Knowing Neurons
Brain Books

Algorithms to Live By: The Computer Science of Human Decisions, A Review

Responding to the assertion that computers lack intuition, the philosopher and cognitive scientist Daniel Dennett once (counter-intuitively) argued that computers must have intuition. Ask a computer to calculate the square root of 54357.029. How did the computer get the answer? Lacking awareness, the computer doesn’t know. The answer wasn’t the result of deep thinking or concentration. It was intuition.

Humans, of course, also have intuition. We can make fast decisions without consciously thinking, but how do we arrive at the decision? The answer is often a mystery. Without accessing the “source code” of the brain, we might never know why our gut feelings tell us to choose a particular job applicant or buy a mutual fund.

Joel Reading
Joel always enjoys an interesting book.

I read Algorithms to Live By: The Computer Science of Human Decisions hoping to learn more about the source code of the brain. After all, the cover art (which authors often have little control over) depicts a tangled USB cord in the shape of a brain. Only a few chapters in, I realized that science journalist Brain Christian and cognitive scientist Tom Griffiths sought not to elucidate the hidden algorithms used by the brain, but rather to introduce engineered computer algorithms in the context of day-to-day life.

How long should you look at fast-selling apartments before committing on the spot? How can you best balance your time between checking email and getting chores done? How many factors should you consider when buying a mutual fund? Before reading this book, I might have told you there are no exact answers to these questions. Yet, in many cases, concepts from computer science and probability theory can be applied to these everyday situations to produce nearly exact solutions that often outperform human intuition.

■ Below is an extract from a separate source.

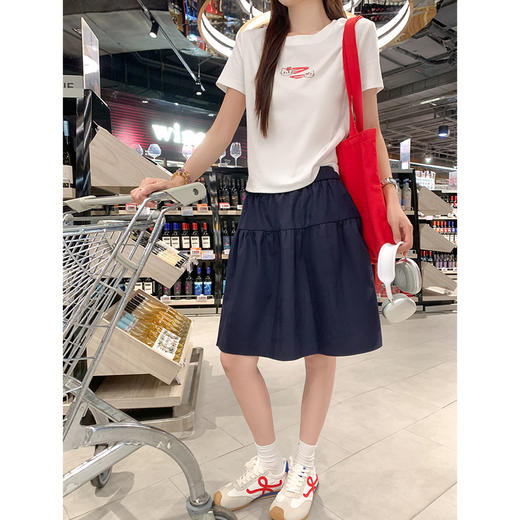 <曾小咸推荐>韩系可爱猫猫印花正肩短袖T恤 商品图1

For instance, when apartment hunting, spend 37% of your time looking at different apartments to get a feel for what a good deal looks like, then take the first good deal you spot after calibrating.

Algorithms to Live By is filled with many such “life hacks” that teach fundamental computer science concepts like sorting and model fitting in a highly relatable manner, with an appendix of technical details for the mathematically inclined. My favorite chapter is dedicated to Bayes’ rule and the Copernican Principle, thinking tools that help computers and humans alike in choosing between different alternatives based on limited data. For instance, how can you best estimate the number of tramcars in a city given only a single tramcar? (Hint: double the serial number).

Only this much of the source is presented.